Lo storico cartone - che meritò il lusinghiero plauso di Walt Disney - narra della principessa Zeila, nipote del califfo di Bagdad e promessa sposa, e delle trame che il bieco sceicco Jafa organizza per accaparrarsi la sua mano. A sventarle sarà Amin, giovane maestro di musica di Zeila con la quale infine convolerà a giuste nozze.

Soggetto, sceneggiatura (con Enrico D’Angelo e Giulio De Caro) e regia furono frutto della fantasia e impegno anche produttivo di Anton Gino Domeneghini, nato a Darfo Boario Terme il 30 aprile 1897, fin lì valente pubblicitario, che entusiasmato dal disneyano «Biancaneve e i sette nani» (1937), pensò quest'ambizioso progetto cinematografico.

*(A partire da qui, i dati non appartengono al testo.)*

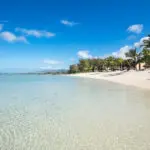 Playas de arena blanca y aguas azules le esperan en Shanti Maurice.
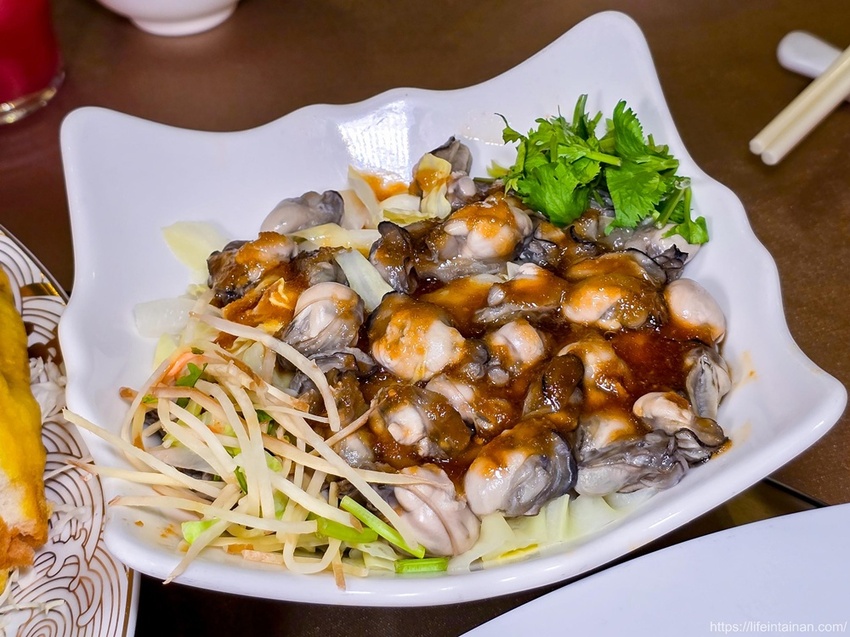 台南老字號濃園滿漢餐廳｜中式料理推薦：家常菜、手路菜與私房菜，兒童遊戲室和親子用餐空間，附設電梯與免費停車，經典辦桌料理龍蝦三明治需預約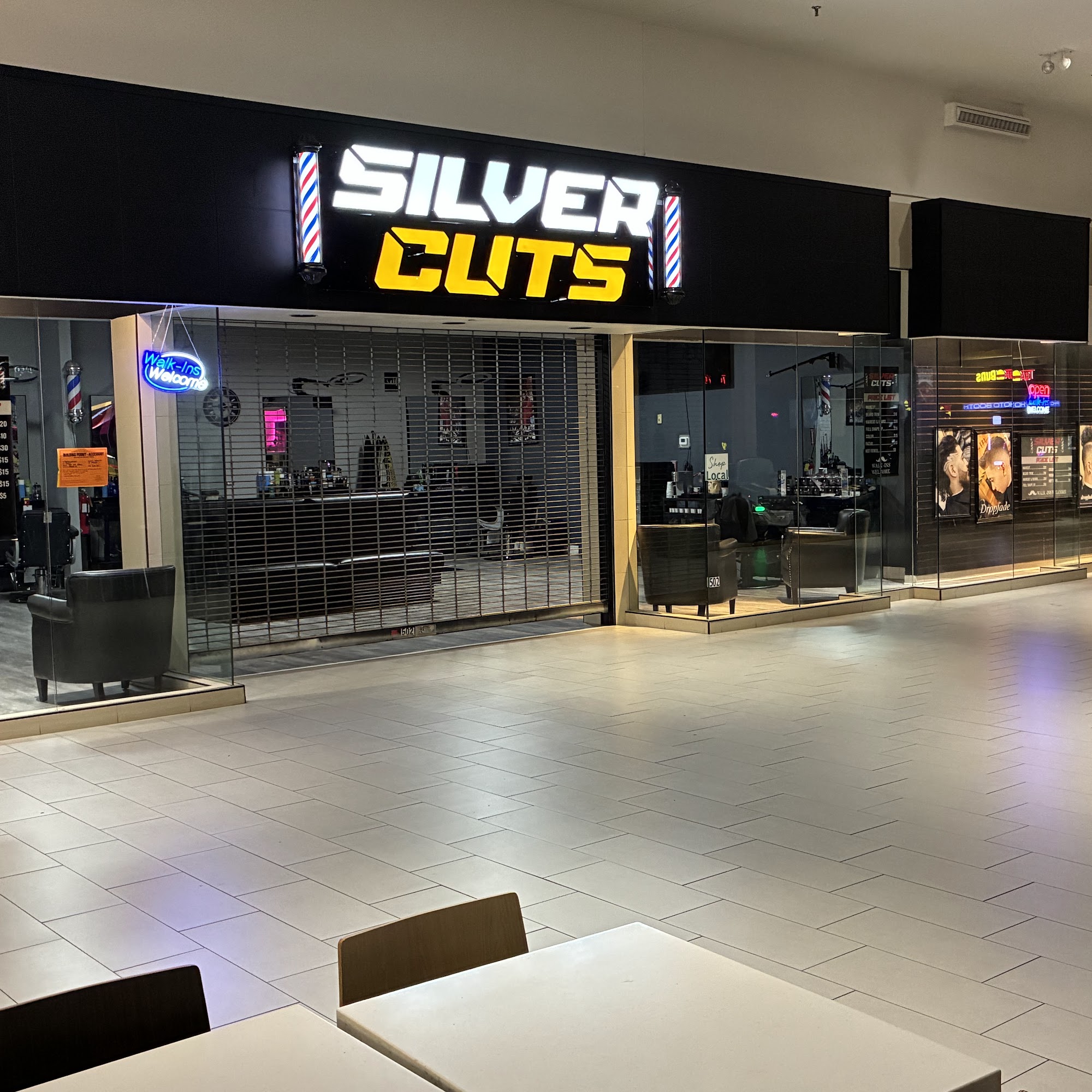 Silver cuts 444 Chicago Ridge Mall suite 502, Chicago Ridge Illinois 60415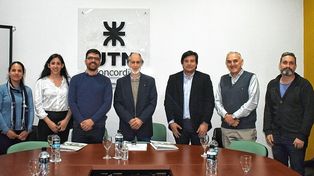 Colaboración mutua. En la sede de la UTN Regional Concordia, el delegado provincial de la Unión Obrera Ladrillera de la República (UOLRA) Entre Ríos, Federico Feltes firmó, junto al decano Ing. José Jorge Penco.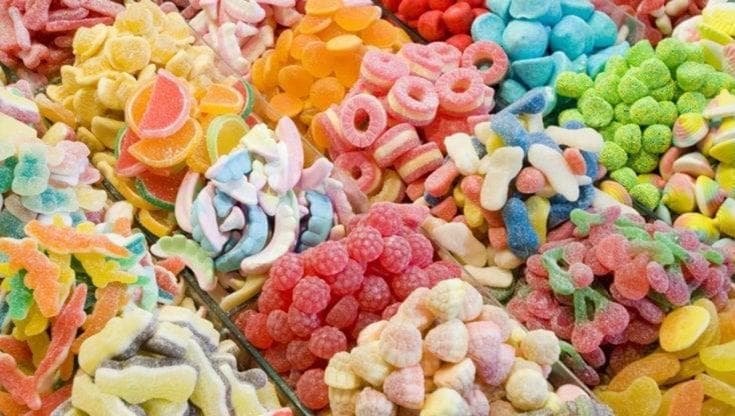 Bimbo di 3 anni soffoca con una caramella, estetista lo salva grazie a manovra appresa in Esercito - Bari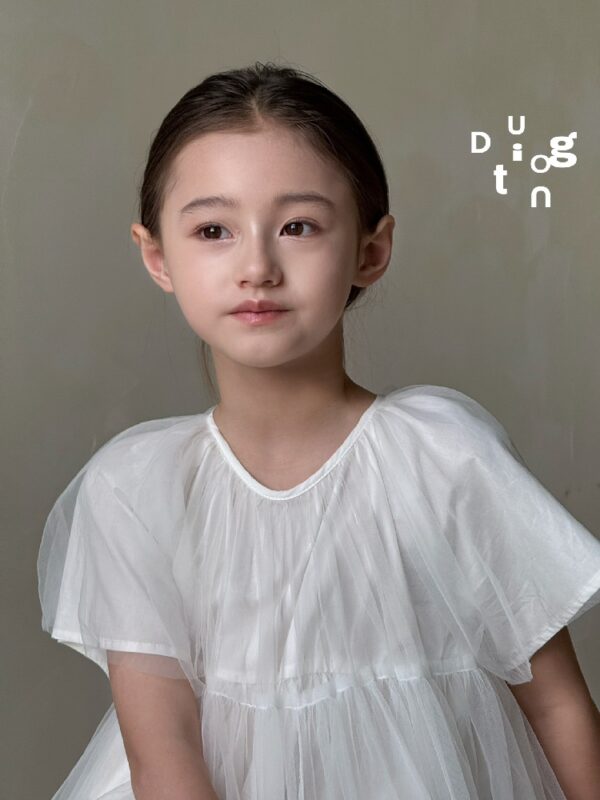 Children’s clothing 64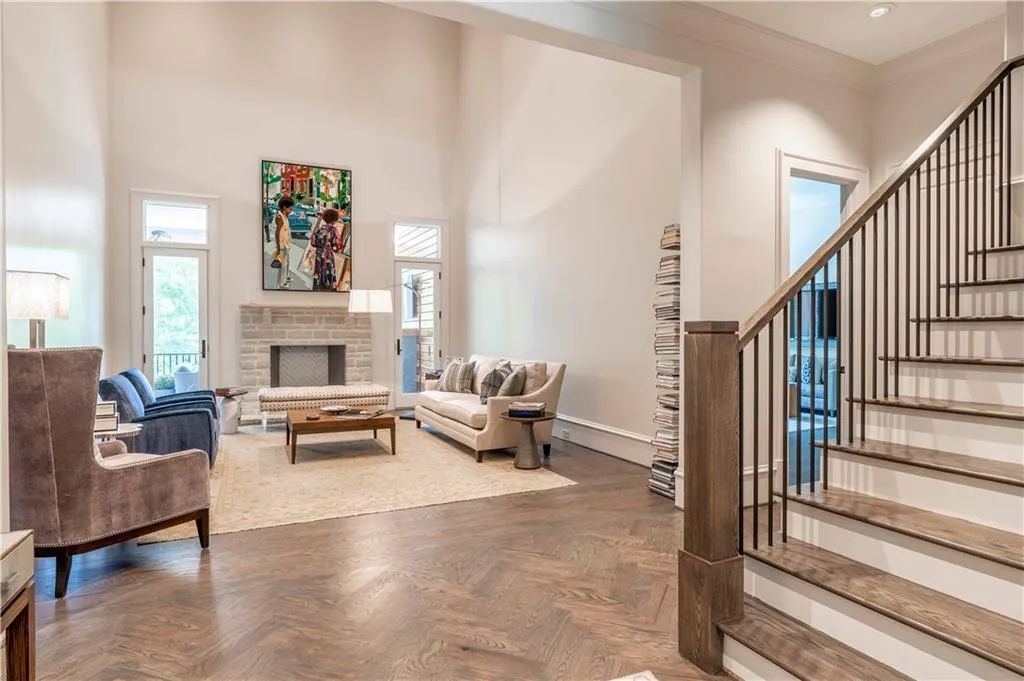 725 Londonberry Road, Sandy Springs, Georgia 30327, 6 Bedrooms Bedrooms, ,7 BathroomsBathrooms,Residential,Sold,725 Londonberry Road,7082320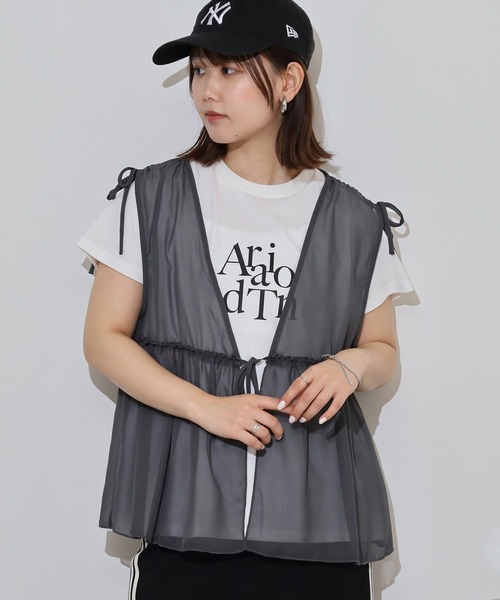 Комплект из шифонового жилета и трикотажной футболки А-силуэта AtONE
Комплект из шифонового жилета и трикотажной футболки А-силуэта AtONE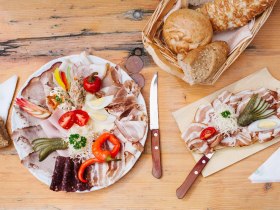 Typical Heurigen snack, &copy; Martina Siebenhandl
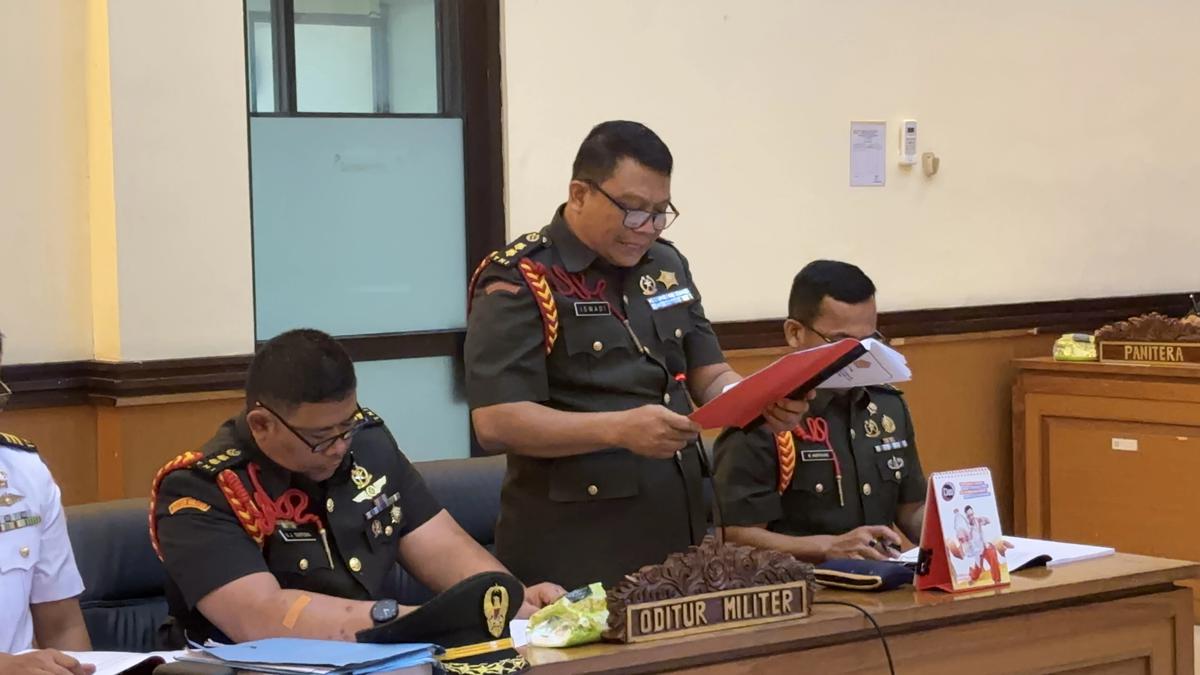 Empat Prajurit TNI Terdakwa Penyiraman Air Keras Andrie Yunus Dituntut 2 Tahun 6 Bulan Penjara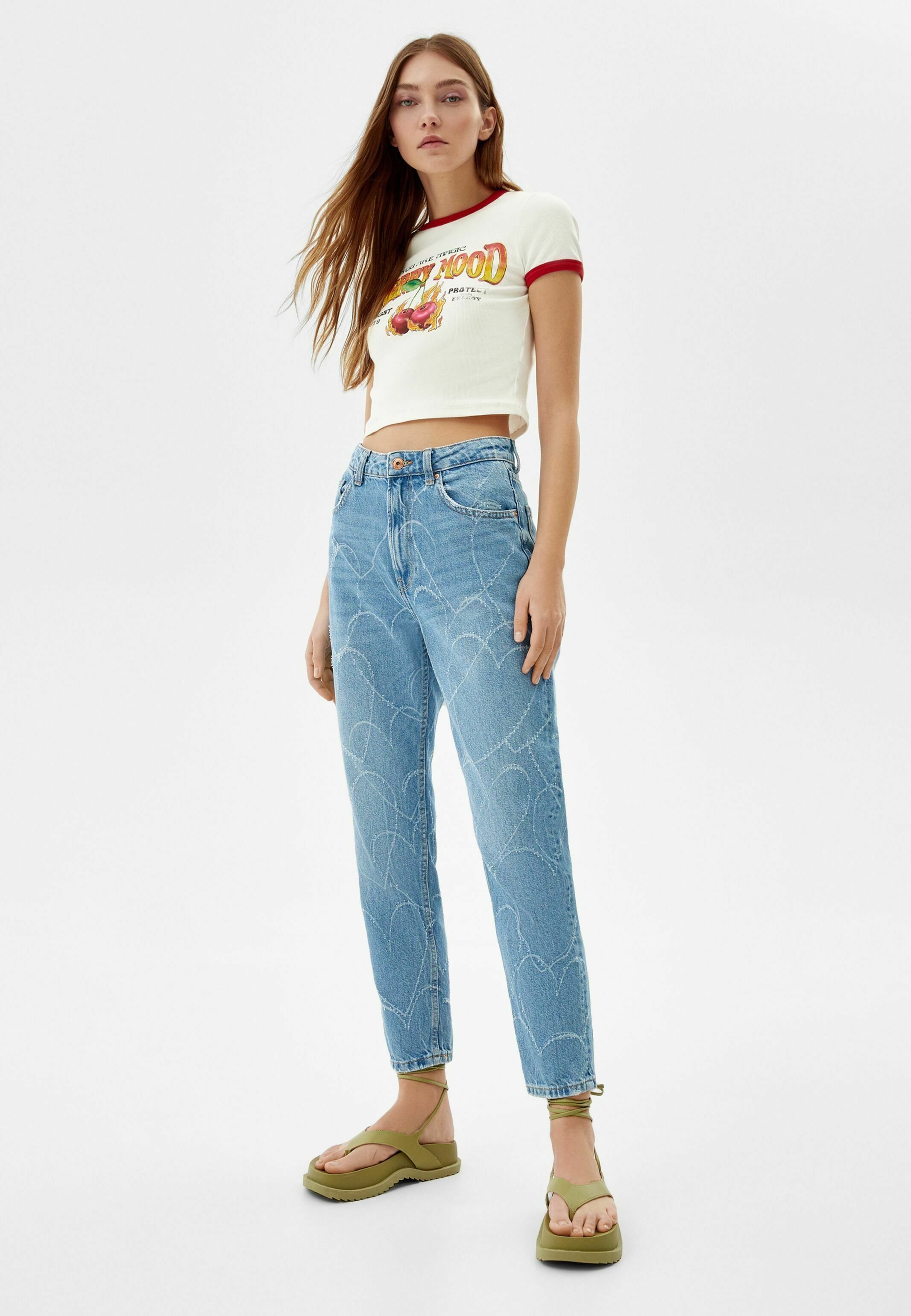 Bershka LASER CUT HEART - Jeans a sigaretta - light blue denim/carta da  zucchero - Zalando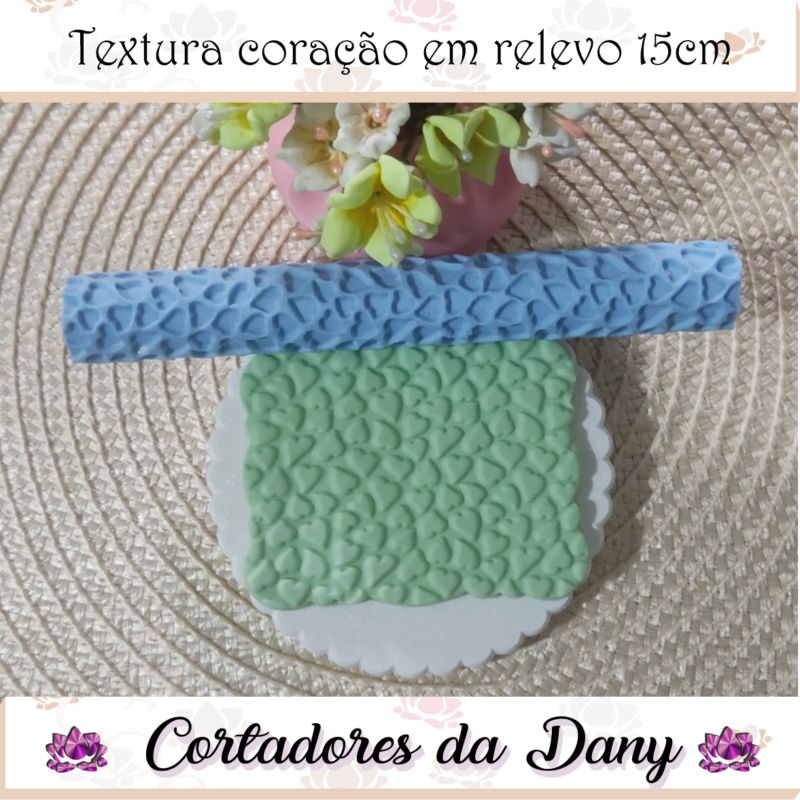 Textura coração em relevo 15cm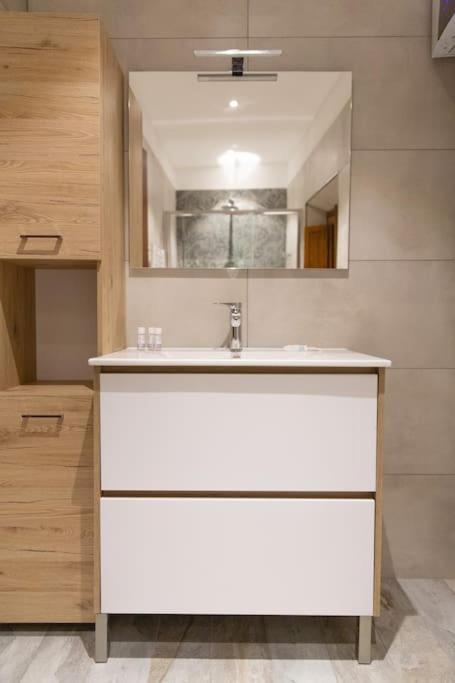 Cozy And Charmin 3Br Apartment Steps By Duomo فلورنس المظهر الخارجي الصورة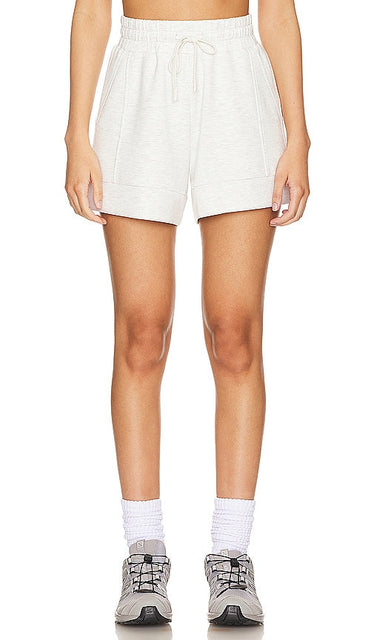 Varley Atrium Short in Ivory - Short Varley Atrium en ivoire - Varley Atrium 象牙色短裤 - Varley Atrium Short in Elfenbein - Varley 아트리움 쇼츠 - Pantaloncini Varley Atrium in avorio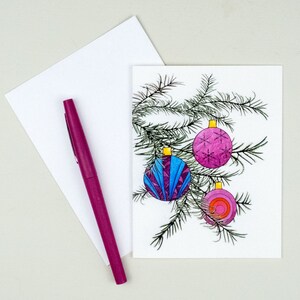 Decorazione natalizia su un ramo di pino, biglietto di auguri con decorazione, biglietto con pallina di Natale, biglietto d'arte natalizia, biglietto di auguri, biglietto invernale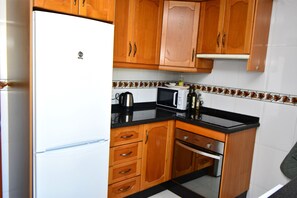 Frigorífic, microones, forn i cafetera i tetera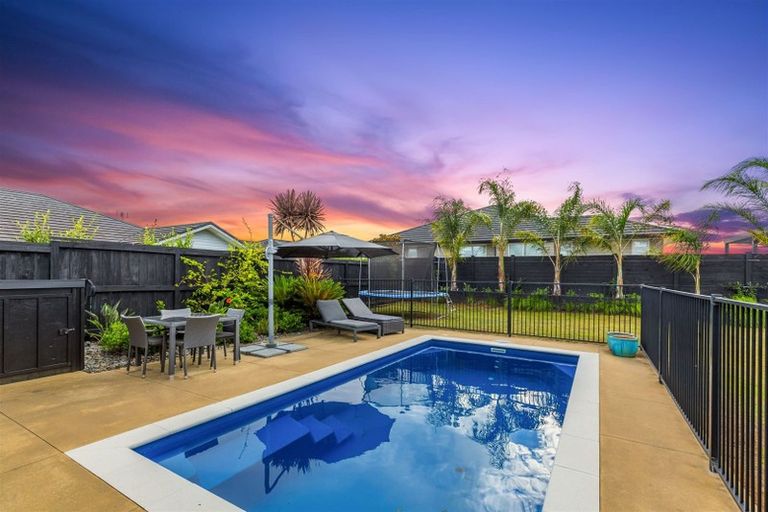 Photo of property in 46 Kaipara Portage Road, Riverhead, 0820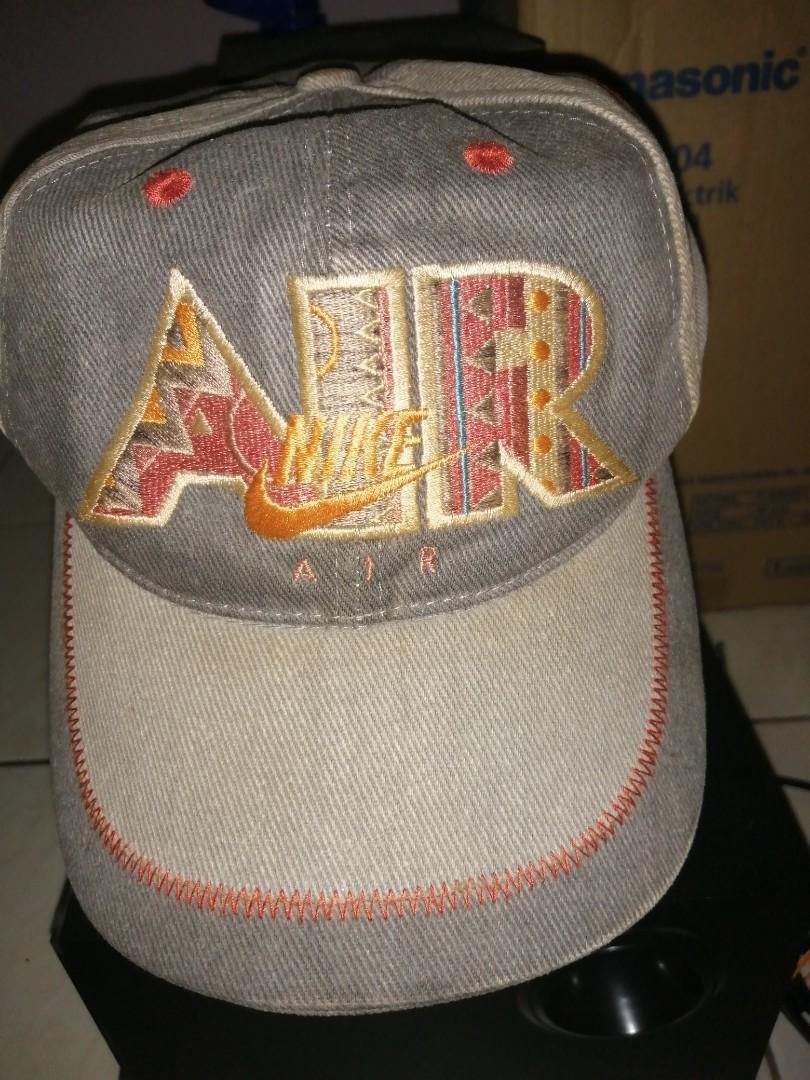 Air deals raid 180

Il bombardamento subìto nel 1942 a Milano dalla sua agenzia, divenuta per l’occasione IMA Film, lo spinse a trasferire la lavorazione in Franciacorta, a Bornato: a Villa Fè d'Ostiani e poi a Villa Secco d'Aragona dove i disegnatori - fra cui i noti Libico Maraja, Gildo Gusmaroli e Guido Zamperoni - produssero i materiali destinati a diventare, prima nella sede inglese della Technicolor, poi a Roma per il doppiaggio alla Cdc (nella versione inglese sarà di Julie Andrews quella di Zeila), il cartoon di un’ora e 16’.

Mattotti

Quanto a Lorenzo Mattotti, disegni dal suo libro «Viaggio nelle città» (2020) sono nelle teche del Museo della Città «L. Tonini» nella mostra «I migliori viaggi della nostra vita. Disegni e storie di avvistamenti, rotte e transiti»: ricordi su carta, ceramica e video di 15 autori che hanno fissato graficamente frammenti della loro vita o d'un viaggio.